The required output is every line from the beginning of the entries below through the line that includes "Five DIYs to", copied exactly.
=====
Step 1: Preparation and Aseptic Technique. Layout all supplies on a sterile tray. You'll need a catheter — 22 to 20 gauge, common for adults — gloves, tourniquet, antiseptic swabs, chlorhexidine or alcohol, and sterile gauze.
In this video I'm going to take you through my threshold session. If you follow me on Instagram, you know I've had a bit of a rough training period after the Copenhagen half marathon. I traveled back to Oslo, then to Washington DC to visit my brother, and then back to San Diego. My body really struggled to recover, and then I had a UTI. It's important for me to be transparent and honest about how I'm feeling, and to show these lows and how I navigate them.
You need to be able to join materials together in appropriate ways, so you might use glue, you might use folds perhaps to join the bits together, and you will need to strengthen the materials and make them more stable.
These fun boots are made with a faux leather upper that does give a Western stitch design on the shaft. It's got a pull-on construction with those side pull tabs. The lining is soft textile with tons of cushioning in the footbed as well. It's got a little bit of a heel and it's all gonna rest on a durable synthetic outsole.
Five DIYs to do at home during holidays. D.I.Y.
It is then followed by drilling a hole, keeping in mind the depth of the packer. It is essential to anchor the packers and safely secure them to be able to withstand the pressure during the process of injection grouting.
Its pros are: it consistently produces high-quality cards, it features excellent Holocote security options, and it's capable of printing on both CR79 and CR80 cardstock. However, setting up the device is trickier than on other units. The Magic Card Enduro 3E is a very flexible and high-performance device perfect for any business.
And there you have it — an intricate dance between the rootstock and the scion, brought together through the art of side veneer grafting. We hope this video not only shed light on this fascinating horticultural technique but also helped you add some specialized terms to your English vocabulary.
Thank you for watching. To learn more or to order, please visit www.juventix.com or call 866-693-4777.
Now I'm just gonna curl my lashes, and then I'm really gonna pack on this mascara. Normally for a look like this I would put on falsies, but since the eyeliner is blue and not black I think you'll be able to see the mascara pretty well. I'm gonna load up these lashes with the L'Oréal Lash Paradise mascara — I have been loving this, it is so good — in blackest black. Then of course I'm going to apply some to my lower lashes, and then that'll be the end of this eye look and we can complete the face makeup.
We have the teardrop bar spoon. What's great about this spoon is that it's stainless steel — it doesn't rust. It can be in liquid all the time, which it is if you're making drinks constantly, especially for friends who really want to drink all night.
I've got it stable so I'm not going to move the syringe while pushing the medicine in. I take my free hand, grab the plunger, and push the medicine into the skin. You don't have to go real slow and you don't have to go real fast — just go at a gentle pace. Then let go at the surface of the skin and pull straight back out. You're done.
=====
→ **Task response**
Step 1: Preparation and Aseptic Technique. Layout all supplies on a sterile tray. You'll need a catheter — 22 to 20 gauge, common for adults — gloves, tourniquet, antiseptic swabs, chlorhexidine or alcohol, and sterile gauze.
In this video I'm going to take you through my threshold session. If you follow me on Instagram, you know I've had a bit of a rough training period after the Copenhagen half marathon. I traveled back to Oslo, then to Washington DC to visit my brother, and then back to San Diego. My body really struggled to recover, and then I had a UTI. It's important for me to be transparent and honest about how I'm feeling, and to show these lows and how I navigate them.
You need to be able to join materials together in appropriate ways, so you might use glue, you might use folds perhaps to join the bits together, and you will need to strengthen the materials and make them more stable.
These fun boots are made with a faux leather upper that does give a Western stitch design on the shaft. It's got a pull-on construction with those side pull tabs. The lining is soft textile with tons of cushioning in the footbed as well. It's got a little bit of a heel and it's all gonna rest on a durable synthetic outsole.
Five DIYs to do at home during holidays. D.I.Y.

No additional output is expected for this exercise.